(PROVIDED MATERIAL begins)

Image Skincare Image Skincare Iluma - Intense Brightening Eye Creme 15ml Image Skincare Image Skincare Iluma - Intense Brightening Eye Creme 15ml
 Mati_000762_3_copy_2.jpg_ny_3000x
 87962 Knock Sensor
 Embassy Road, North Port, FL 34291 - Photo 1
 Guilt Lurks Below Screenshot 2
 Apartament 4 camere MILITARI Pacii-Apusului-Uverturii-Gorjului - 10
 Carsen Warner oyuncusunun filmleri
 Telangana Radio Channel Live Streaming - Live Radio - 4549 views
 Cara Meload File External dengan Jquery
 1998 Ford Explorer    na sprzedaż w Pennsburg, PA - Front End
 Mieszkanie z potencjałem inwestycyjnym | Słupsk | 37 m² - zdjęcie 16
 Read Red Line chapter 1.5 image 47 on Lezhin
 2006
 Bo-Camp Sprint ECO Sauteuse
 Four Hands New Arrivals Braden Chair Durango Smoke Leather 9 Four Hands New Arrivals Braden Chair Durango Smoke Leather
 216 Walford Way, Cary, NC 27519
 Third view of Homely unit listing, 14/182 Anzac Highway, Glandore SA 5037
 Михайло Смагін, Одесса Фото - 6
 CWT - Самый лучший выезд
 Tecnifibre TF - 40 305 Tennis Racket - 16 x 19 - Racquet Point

(PROVIDED MATERIAL ends)

TASK STATEMENT – Whatever appears in the records must be returned exactly.

EXERCISE RESPONSE –
Image Skincare Image Skincare Iluma - Intense Brightening Eye Creme 15ml Image Skincare Image Skincare Iluma - Intense Brightening Eye Creme 15ml
 Mati_000762_3_copy_2.jpg_ny_3000x
 87962 Knock Sensor
 Embassy Road, North Port, FL 34291 - Photo 1
 Guilt Lurks Below Screenshot 2
 Apartament 4 camere MILITARI Pacii-Apusului-Uverturii-Gorjului - 10
 Carsen Warner oyuncusunun filmleri
 Telangana Radio Channel Live Streaming - Live Radio - 4549 views
 Cara Meload File External dengan Jquery
 1998 Ford Explorer    na sprzedaż w Pennsburg, PA - Front End
 Mieszkanie z potencjałem inwestycyjnym | Słupsk | 37 m² - zdjęcie 16
 Read Red Line chapter 1.5 image 47 on Lezhin
 2006
 Bo-Camp Sprint ECO Sauteuse
 Four Hands New Arrivals Braden Chair Durango Smoke Leather 9 Four Hands New Arrivals Braden Chair Durango Smoke Leather
 216 Walford Way, Cary, NC 27519
 Third view of Homely unit listing, 14/182 Anzac Highway, Glandore SA 5037
 Михайло Смагін, Одесса Фото - 6
 CWT - Самый лучший выезд
 Tecnifibre TF - 40 305 Tennis Racket - 16 x 19 - Racquet Point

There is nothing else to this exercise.